It’s been a long wait for Trinidad and Tobago, but finally they have an opportunity to cast aside some demons. T&T, who are known affectionately as the Soca Princesses, dominated their two-match intercontinental play-off against Ecuador four years ago, but somehow slipped up after conceding a decisive last-minute goal to miss qualification for their first-ever FIFA Women’s World Cup™.
Fast forward to the present day and the opportunity for redemption is in sight. Next month T&T will line up among an eight-nation field at the USA-based CONCACAF Women’s Championship where three nations will earn passage to France 2019, while a fourth will book a play-off spot against Argentina.
A key cog for the Soca Princesses is the vastly experienced Kennya Cordner. A powerful and speedy forward, Cordner is ready to make an on-field statement following a brief self-imposed exile from the national team set-up.
Cordner brings goalscoring know-how and X-factor to a team short on exposure to various styles of football. Most of the squad are either based locally, or have spent the majority of their careers in USA playing college or regional football.
In that sense at least, Cordner – who once scored nine goals in an Olympic Games qualifier – is very much an outlier. The Tobagan has played in four continents and six countries in a colourful career journey that even included a brief sojourn in Paraguay.
Cordner has worn the colours of several clubs in the United States, and has enjoyed stints in Sweden and Australia, as well as Norway where she currently turns out for Sandviken. It could barely be any further from her sleepy hometown of Speyside – a village better known for bird-watching and reef diving than it is international footballers.
For one brief moment, women’s football was unexpectedly, and almost unbelievably, front and centre in the Caribbean nation. The Soca Princesses are used to little fanfare, so they were surprised as anyone when a sold-out 22,000 crowd gathered at the Hasely Crawford stadium in Port of Spain four years ago with a spot at Canada 2015 on offer.
Cordner was narrowly denied a historic match-winning goal when her spectacular overhead strike came back off the crossbar. The 29-year-old, however, is not one to dwell on what could have been as she told FIFA.com.
"It doesn’t really impact on me that much anymore," said Cordner. "It was disappointing and it hurt at the time, but that is in the past and I’m not discouraged.
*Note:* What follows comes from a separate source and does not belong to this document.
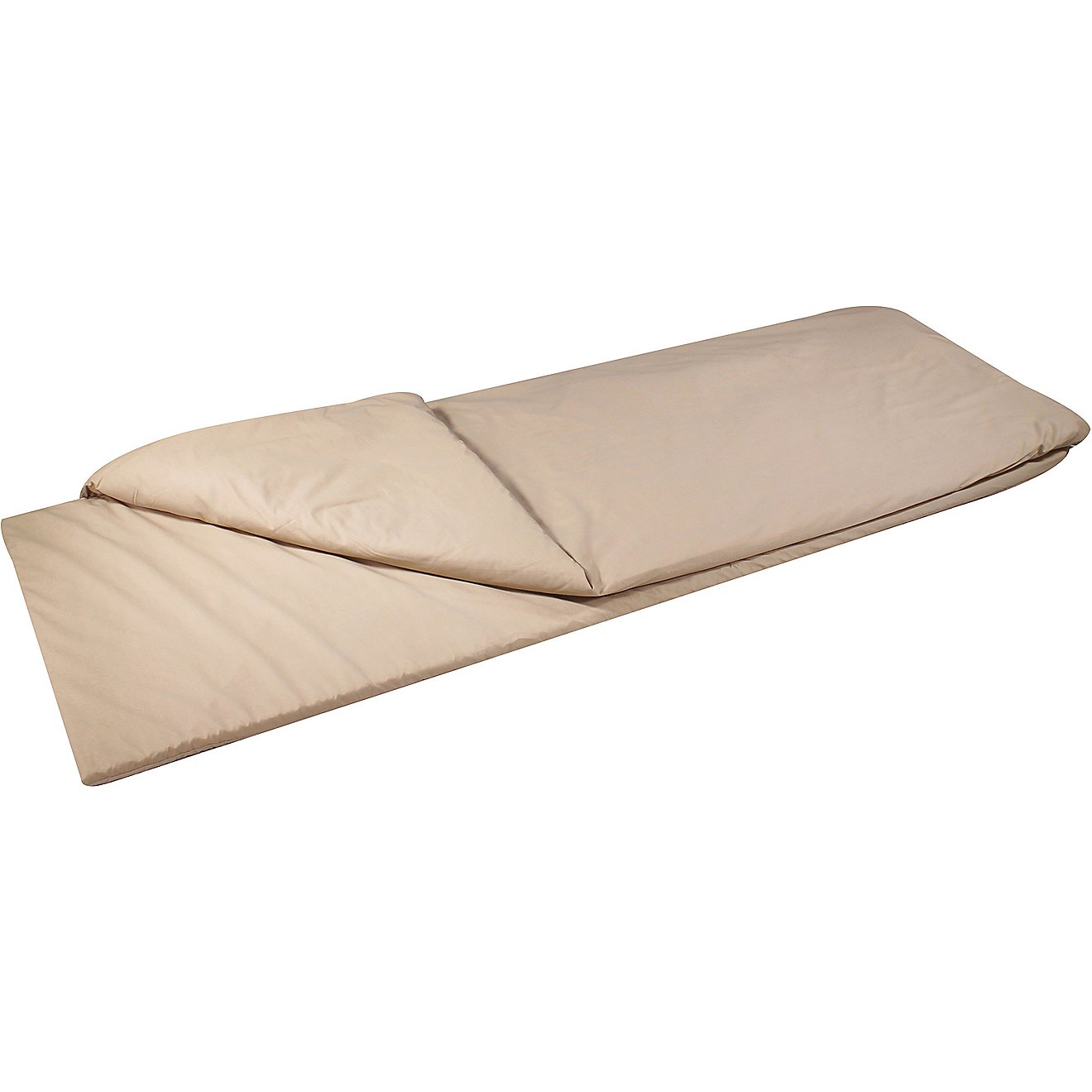 Disc-O-Bed XL Duvalay™ Luxury Sleeping Pad                                                                                     - view number 2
Every time I think about 2014, I’m not sad but I just say, ‘it wasn’t our time, because otherwise we would have been in a World Cup’. It just wasn’t meant to be."
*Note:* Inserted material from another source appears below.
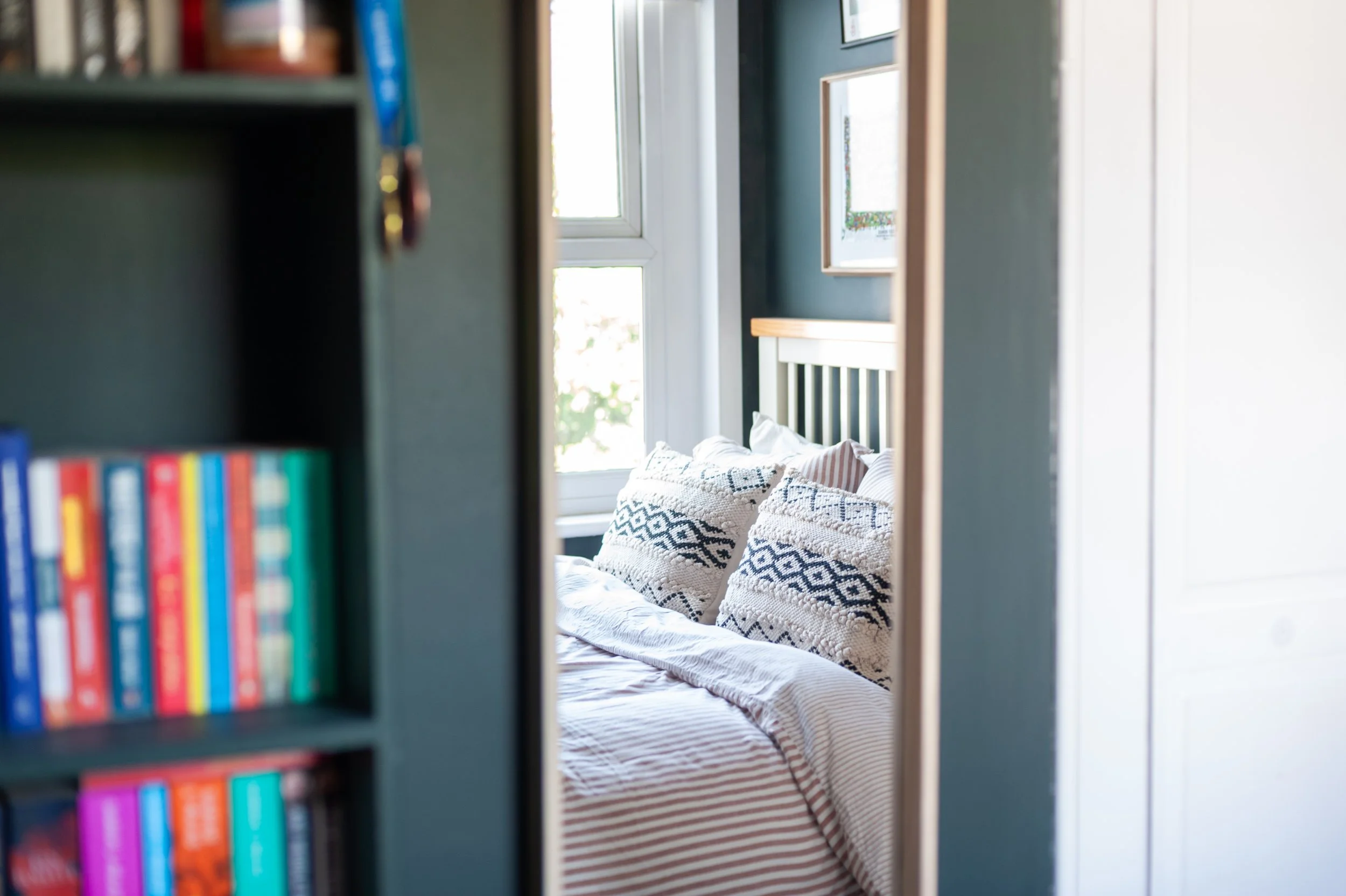 4 Warwick road Twickenham TW2-25.jpg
And it will be far from easy this time around with USA, Canada and Mexico strong favourites for the upcoming continental championship, while Costa Rica and Jamaica have made massive progress in recent years.
T&T qualified for the continental championship behind Caribbean zone winners Jamaica, but Cordner was buoyed but what she experienced upon her return to the side.
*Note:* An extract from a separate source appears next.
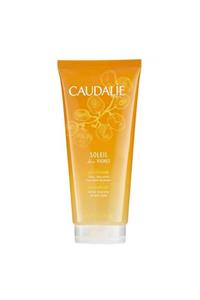 Caudalie Soleil Des Vignes Duş Jeli 200 Ml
"The energy and positivity of the girls was amazing and that is how it is supposed to be,” said Cordner, who is just one of three Tobagans in the squad. "Hopefully we have enough preparation so we have our chemistry, because it is going to be a tough challenge mentally and physically."
Cordner, who says she wants to play until the age of 40, is desperate to once again see women’s football uniting the Caribbean nation just as it did in 2014.
“That experience was amazing,” said the player known as Yaya. “I have never played in front of so many people in my entire life. We filled the stadium and we brought people together and that was the most amazing thing ever. Hopefully we have the opportunity to do that again."